Como sabes, este país quente no Sudeste Asiático, incrivelmente orgulhoso dos seus feitos no tempo em que o Império de Angkor se estendia para lá das actuais fronteiras, tem como coração o Budismo. São mais de 4.000 os pagodes (ou Wats) espalhados de Norte a Sul e muitos os sinais pelas ruas e campos de que esta é a religião da maioria dos Cambojanos.
Aqui, os monges, de cabeça despida e trajes cor de laranja, são tratados com grande respeito e admiração, recebendo o segundo mais alto Sampeah – um cumprimento com as mãos unidas na forma de uma flor de lótus, neste caso, ao nível das sobrancelhas.
Eu não sou religiosa, é certo, mas acredito que o ser humano não tem em si todas as respostas do mundo (sonhos, talvez). Percebo, por isso, que haja quem procure entender o Universo através de princípios como o Karma ou o conceito de uma existência cíclica (Samsāra).
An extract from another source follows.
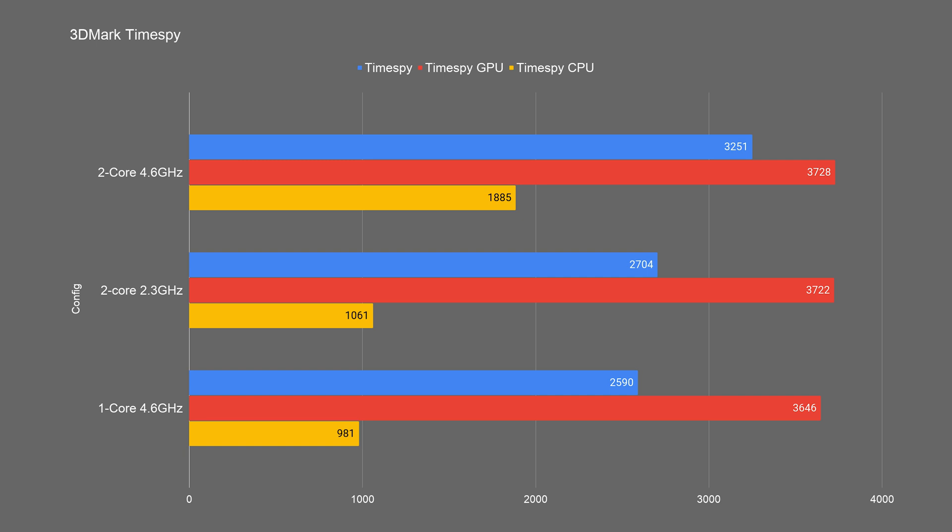In 3DMark TimeSpy, the same pattern holds: the reference dual-core 4.6 GHz is fastest, with the two-core 2.3 GHz in second and the single-core 4.6 GHz in third. This is likely due to Windows scheduling — with only one core, background processes interrupt the main workload, whereas two cores allow the load to spread out more evenly. The CPU portion is slightly faster with two cores at 2.3 GHz, and the graphics benchmark portion shows near-zero difference between all three configurations.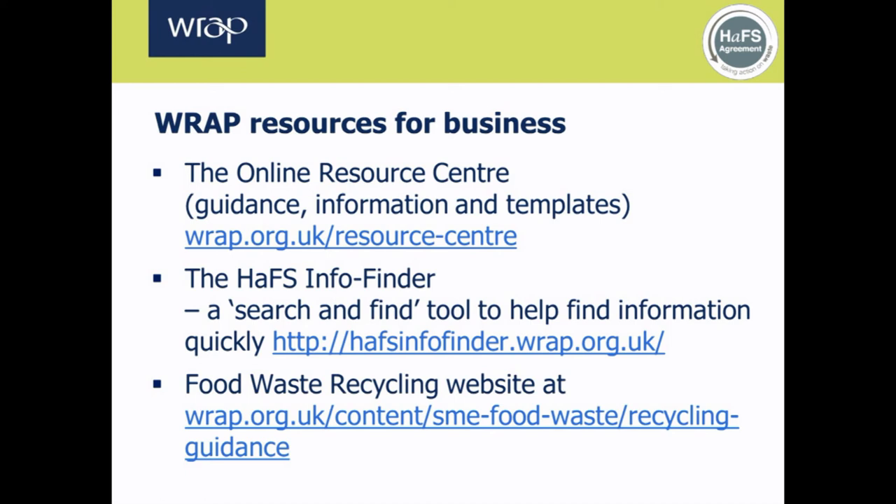As we're coming to the end of this screencast, here are a few web links for free online support and advice. The online resource centre offers simple top tips on preventing waste within the operations of a typical commercial kitchen. The hospitality and food service info finder has a huge amount of practical and proven advice — it's a search and find tool allowing users to find information most relevant to them, whether a restaurant wants to learn about cutting waste from the customer plate or a hotel wants to see what others are doing. And if a business is thinking about recycling food waste, the Food Waste Recycling website has information, advice and tools to help.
Na verdade, sinto-me inspirada por todas essas ideias; sinto crescer o bicho da curiosidade – o que faz perguntas sobre tudo e nada.
Com mil questões existenciais, fui, há pouco tempo, a uma sessão de introdução ao Budismo, chamada Monk Chat, no Peace Café, onde tive a oportunidade de absorver a realidade Budista através das palavras de um monge de sorriso afável e voz enternecedora.
Falou-nos do seu dia-a-dia – de como acorda às 4 da manhã para rezar e se faz, depois, à estrada, para recolher comida pelas casas onde já sabe ter algo à espera. Falou-nos do quanto é necessário estudar e memorizar: de todo o processo de passar de um pequeno ‘temple boy’ a monge; do ciclo contínuo a que acredita estarmos presos até atingirmos o Nirvana.
Saí de lá com várias dúvidas sobre a nossa humilde existência. Sobre o quão importante é ser-se simples – mesmo (ou, até, especialmente) agora, que é Natal. Dei por mim a pensar se não teremos perdido a simplicidade com todo o frenesim dos presentes e das decorações extravagantes.
Por aqui, tenho encontrado marcas inequívocas de que Siem Reap é uma cidade global e de que o Natal começa a ser celebrado aos poucos, talvez somente através de uma fotografia junto às árvores iluminadas, mas, ainda assim, festejado – adoptado, como tantos outros traços ocidentais.
São muitas as árvores espalhadas pela cidade, os desejos de Feliz Natal, as luzes quentes e brilhantes, as imagens do velho de barbas brancas. E, sim, confesso: fazem-me sentir mais perto de casa; mais próxima das minhas memórias de Dezembro e das pessoas que guardo nesse baú. Fazem-me sentir uma Saudade imensa, M., não das horas de almoço passadas a correr de loja em loja, mas de ti, de nós, do nosso canto tão cheio de tudo, tu sabes.
Espero que dia 24 vos deixe de coração cheio e quente. Que acrescentem à história da nossa árvore já cansada muitos mais momentos felizes. Eu vou estar pela praia, de cabelos molhados e pés descalços, a brindar a vocês com vinho do Porto.
Até já e Feliz Natal, com cheirinho a canela.